The meeting of the minds of singular artists who've excelled in different media, Payback offers the combustible mixture of the trenchant, probing pearls of wisdom Margaret Atwood's intellectual explorations for her book of the same name and documentarian Jennifer Baichwal's exquisite way of looking at an immediately recognize reality while showing us, through her astute camera eye, the things in it we may have overlooked. The collaboration takes, and cinematic sparks fly, recalling the similarly-conceived expansion and furthering into multimedia of an immense, rich pre-existing work that photojournalist/war documenter Seamus Murphy created for musician PJ Harvey's Let England Shake.
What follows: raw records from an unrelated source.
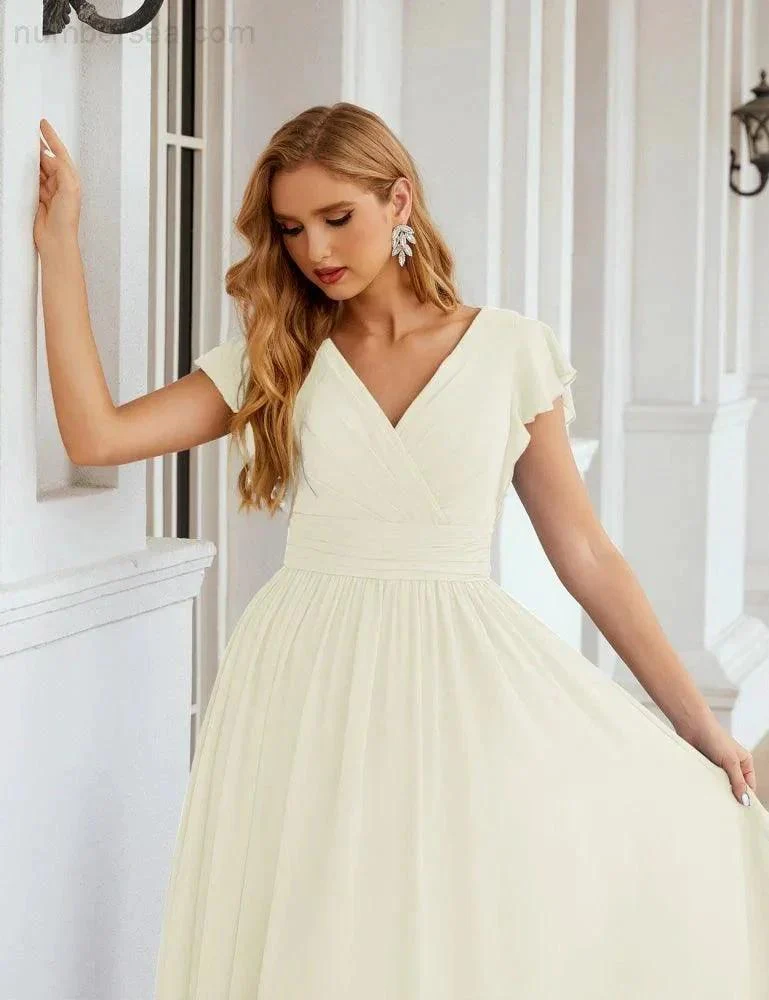 Numbersea V-Neck Bridesmaid Dress Floor Length Backless Formal Evening Dress 28024 - Image 103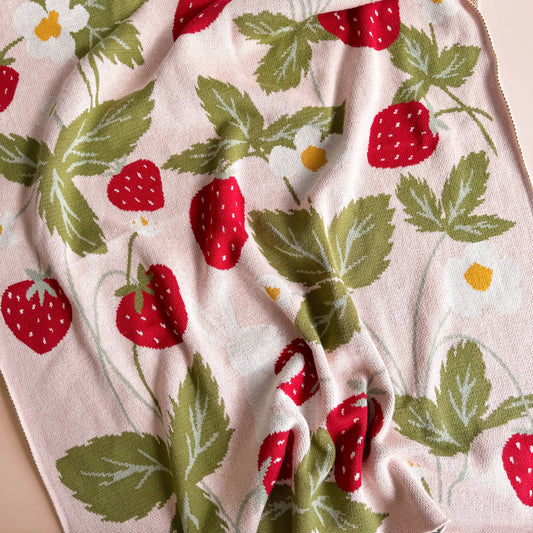 Strawberry Bunny | Organic Cotton Baby Blanket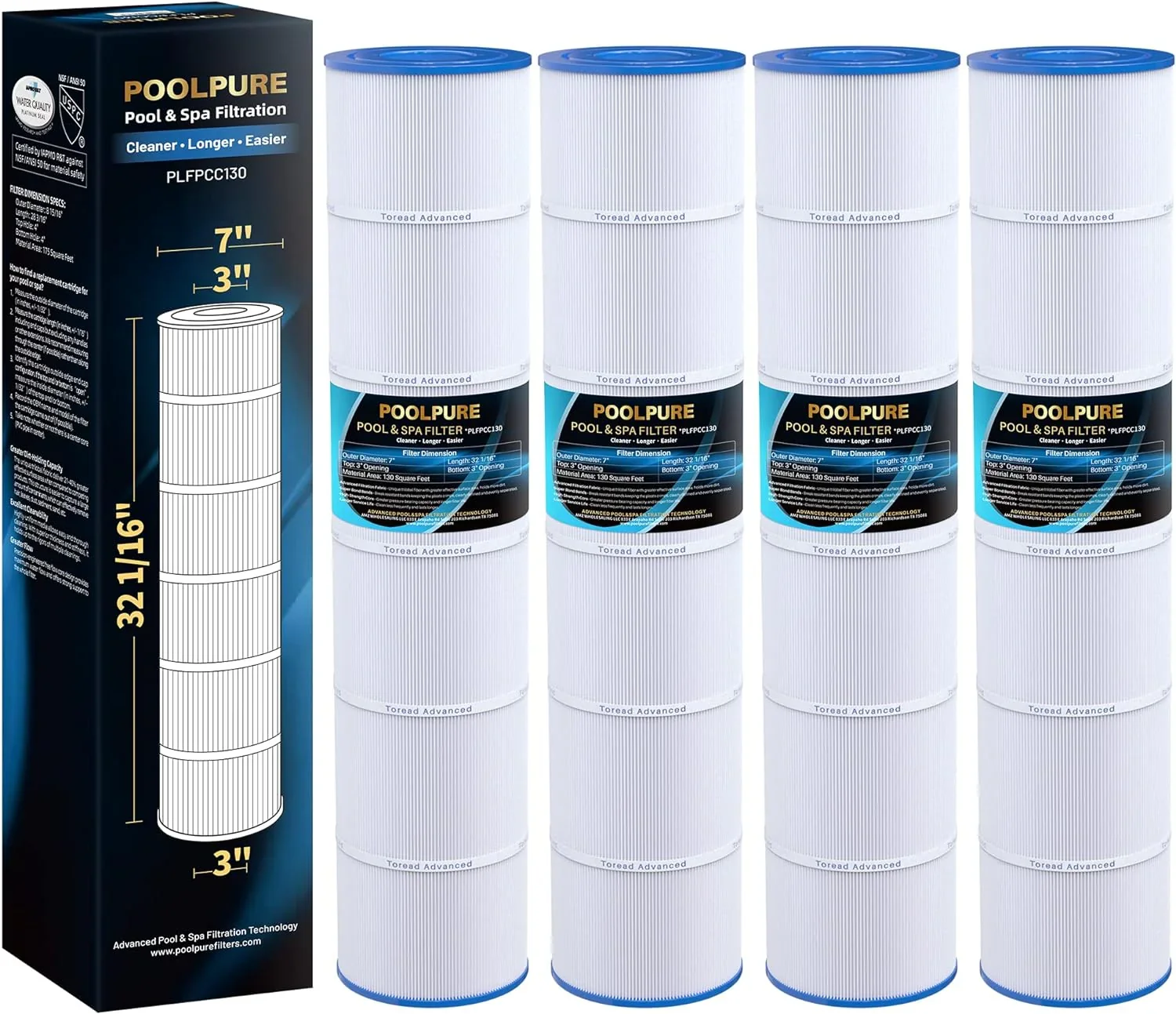 POOLPURE Pool Filter Cartridge 4-Pack 130 Sq Ft 32 1/16in x 7in - PLFPCC130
To the base provided by Atwood herself, along with a panel of experts on the topic who come from various fields, academic disciplines, and viewpoints, Baichwal carefully and conscientiously folds in true-story documentation of illustrative examples from all walks of life and from around the globe, for an accessible but intellectually well-equipped treatise on debt and the many forms it takes. Atwood and Baichwal go through multiple strata of politics, society, and history to thoroughly, interestingly, and provocatively remind us that "debt" is a concept that extends much further and deeper, both back into the past and out into the uncertain future of the human race, than our immediately topical misery of credit card balances and foreclosures. It's a revelation and an awakening; it's urgent without being shrill, convincing without preaching or grandstanding, and one of the most unique, intriguing, and accomplished documentaries to come along in quite some time. Highly Recommended.